The Ocean Park Series
Diebenkorn turned 45 in 1967, the year he began the Ocean Park paintings. He dedicated the following 20 years to the series, which would be the largest body of work that he produced. The series represents not only a break with the artist’s preceding representational work in Berkeley, where he was identified with Bay Area figurative work, but also a divergence from the artistic developments in Southern California at the time. Although the Ocean Park works would become Diebenkorn’s most celebrated, some of the most basic facts about these works are not well known: Diebenkorn made no fewer than 145 Ocean Park paintings, including the small cigar-box lids paintings from the mid-to-late 1970s. His works on paper (drawings, collages, and paintings on paper) number nearly 500, and his prints-often overlooked and rarely shown in conjunction with the paintings-represent another significant body of work.
The early Ocean Park paintings evoke the translucency and radiance of stained-glass windows, with thick white bands articulating planes of jewel-toned colors. By the mid-1970s, these bands had given way to the architectonic geometry of thinner black and colored lines that girded the paintings. Right angles, strips of color, and diagonal and straight-edge markings along the top and one side of the canvas are counterpoised with expanses of canvas at the center that together reveal a palimpsest of mediums and hues that converge into a single composition of many planes, as in Ocean Park #79 (1975).

A cluster of darkly hued compositions-dominated by black, dark blue, or grisaille-appear in the very last years of the series, around the death of the artist’s mother in 1984. The last large-scale painting, Ocean Park #140, was completed in 1985; although Diebenkorn continued to make smaller works on paper in his Ocean Park studio until 1988, when he and his wife Phyllis moved to Healdsburg in the wine country of Northern California.

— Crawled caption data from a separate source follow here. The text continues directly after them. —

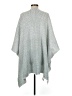 LC Lauren Conrad Silver Poncho One size - photo 2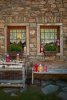 Lantern Table Lamp Red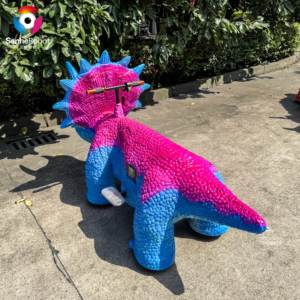 Parque de Dinosaurios, Juegos Infantiles Interiores y Exteriores, Atracciones Mecánicas de Dinosaurios para Niños, Dinosaurio Animatrónico Realista Simulado, Coche de Dinosaurio para Niños en Venta - Product Image 5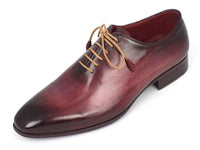 Paul Parkman Men's Burgundy Wholecut Plain Toe Oxfords (ID#DS65BUR)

Each work was for Diebenkorn an exploration for “rightness,” an attempt to solve complex and often self-imposed compositional and unique problems, welcome mistakes, push through objections and self-doubt to come to a balanced resolution. The compositions were built-up through periods of activity in which erasures, revisions, accretions, and ultimately hard-won resolutions coalesced into nuanced compositions. The artist worked and reworked canvases, scraping and repainting, building up layers and abstract geometric relationships, atmospheric fields and planes, finally arriving at a resolution. Anger, frustration, hesitation, despair, and relief all came to bear on the paintings: a combination of intention, intuition, and improvisation.

Diebenkorn was certainly affected by his environment, but the Ocean Park works are not abstract landscapes of his surroundings. The Modern’s chief curator, Michael Auping, recalls, “In the 1970s, I was lucky enough to be able to visit Diebenkorn’s studio while he was in the midst of making some of these paintings. He almost seemed like a scientist when he talked about the nuances of color and light, and how light in Southern California was like the light in the south of France. ’Buoyant’ was a word he used.” The Ocean Park works are a unique combination of environment and abstract invention. “I arrive at the light only after painting it, not by aiming for it.[”1]

Drawings, collages, and prints were a significant part of Diebenkorn’s practice; they are works of art in their own right that also served as catalysts in his painting practice, acting as springboards between works and across media. Notably, the drawings were almost never studies for the paintings. Rather, they were explorations of concerns that the artist wanted to pursue (he would often switch back and forth as he worked in the studio, focusing on a drawing when at a stumbling block with a painting.) The array of works produced during the Ocean Park era are exceptional expressions of Diebenkorn’s sensibility and nuanced sensitivity to color and line in diverse media.